[Image-text web data]

****************

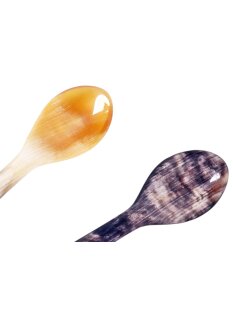 Horn Eierlöffel gerade lebhaft gemasert 2 Stück 1A Qualität = 13 cm Laffe 27 x 40 mm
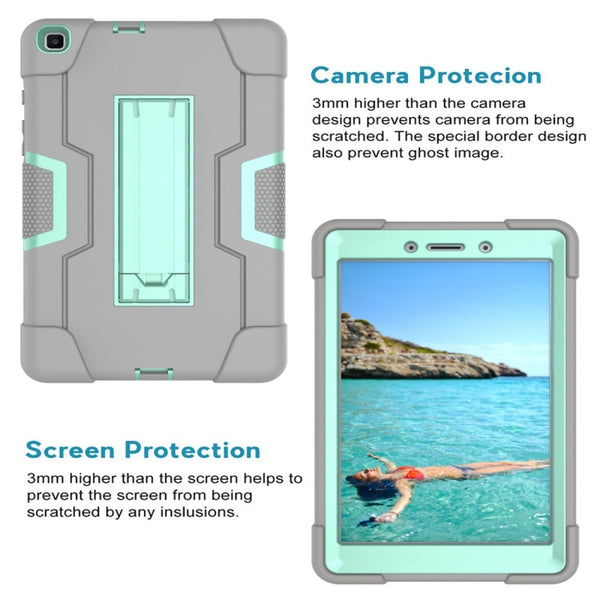 For Galaxy Tab A 8.0 (2019) T290 Contrast Color Silicone PC Combination Case with Holder(Grey Aqua)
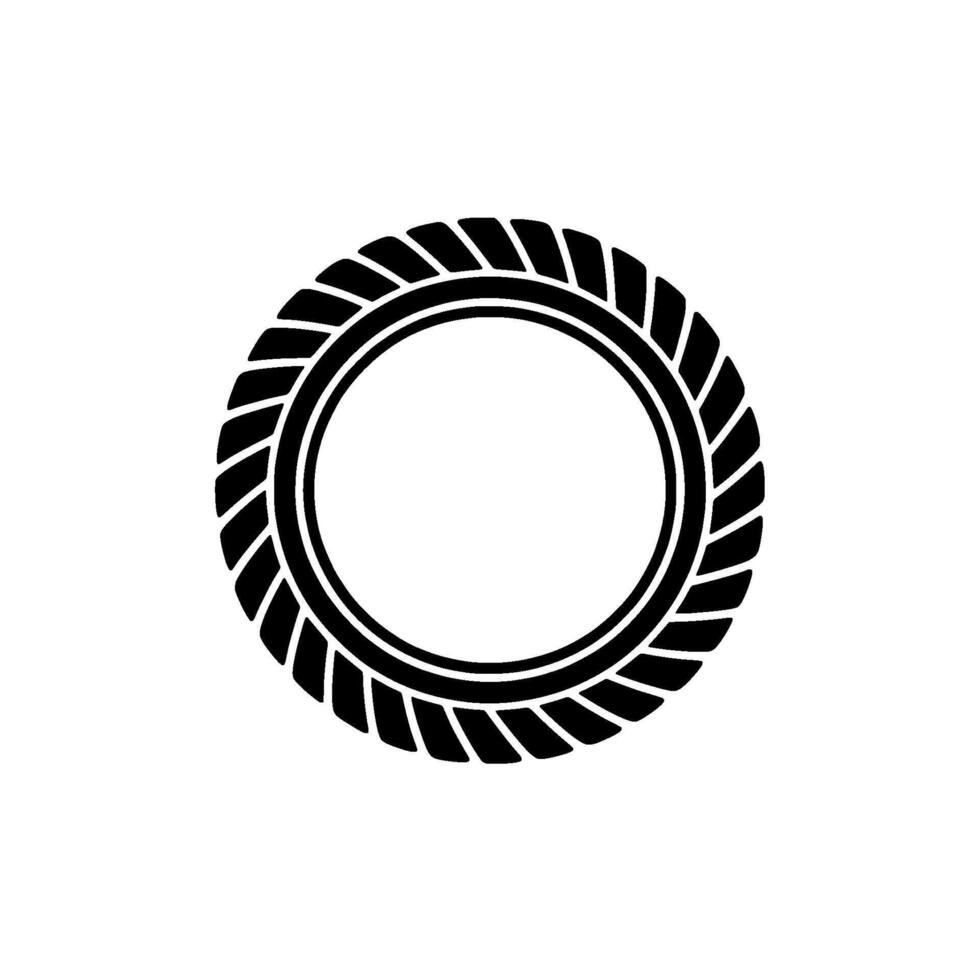 Minimalist Rope Circle Emblem, Circular Motif vector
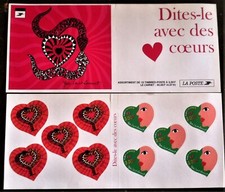 Carnet timbres DITES LE AVEC DES COEURS YVES SAINT LAURENT  NEUF non plié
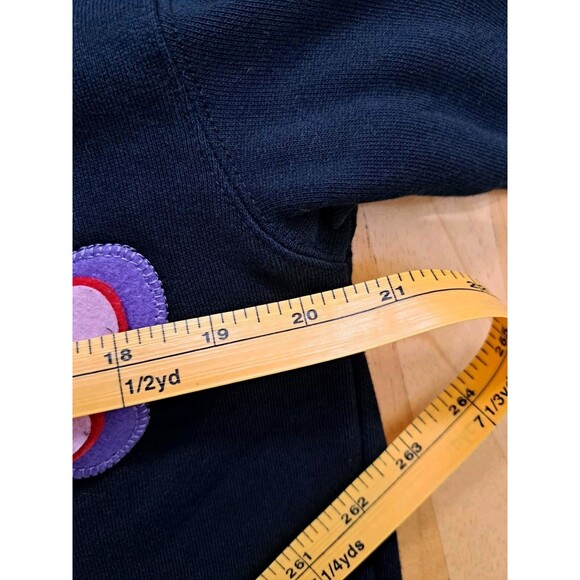 Lighthouse Apparel Women's Black Sweatshirt Jacket w/ 3D Flower Accents Size L - Picture 9 of 15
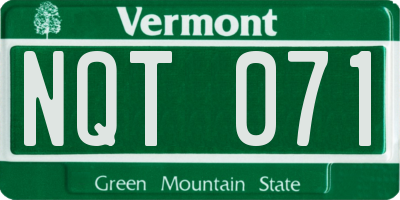 VT license plate NQT071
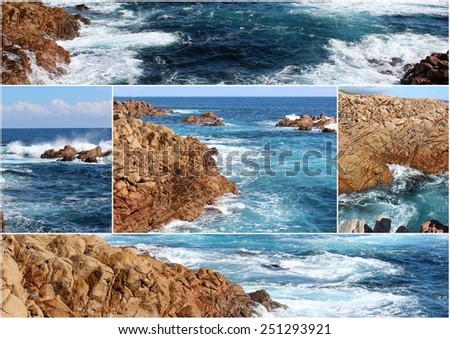 Scenic collage of  the Indian Ocean splashing on the gneiss sedimentary rock formations at Canal rocks  on the south west coast of Western Australia  on a fine day in autumn.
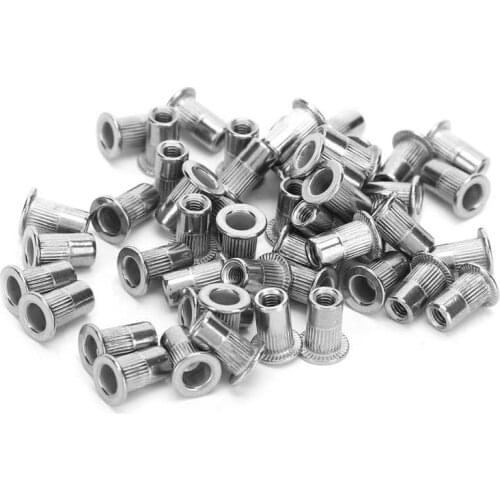 50Pcs M3 Stainless Steel Rivet Nut Ribbing Flat Head Threaded Rivet Insert Nutsert Cap Rivetnuts Fastener Hardware Tools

****************

__ASSIGNMENT__:
Your copy must match the records above word for word and contain no pictures.

__OUTPUT OF THE EXERCISE__:
 Horn Eierlöffel gerade lebhaft gemasert 2 Stück 1A Qualität = 13 cm Laffe 27 x 40 mm
 For Galaxy Tab A 8.0 (2019) T290 Contrast Color Silicone PC Combination Case with Holder(Grey Aqua)
 Minimalist Rope Circle Emblem, Circular Motif vector
 Carnet timbres DITES LE AVEC DES COEURS YVES SAINT LAURENT  NEUF non plié
 Lighthouse Apparel Women's Black Sweatshirt Jacket w/ 3D Flower Accents Size L - Picture 9 of 15
 VT license plate NQT071
 Scenic collage of  the Indian Ocean splashing on the gneiss sedimentary rock formations at Canal rocks  on the south west coast of Western Australia  on a fine day in autumn.
 50Pcs M3 Stainless Steel Rivet Nut Ribbing Flat Head Threaded Rivet Insert Nutsert Cap Rivetnuts Fastener Hardware Tools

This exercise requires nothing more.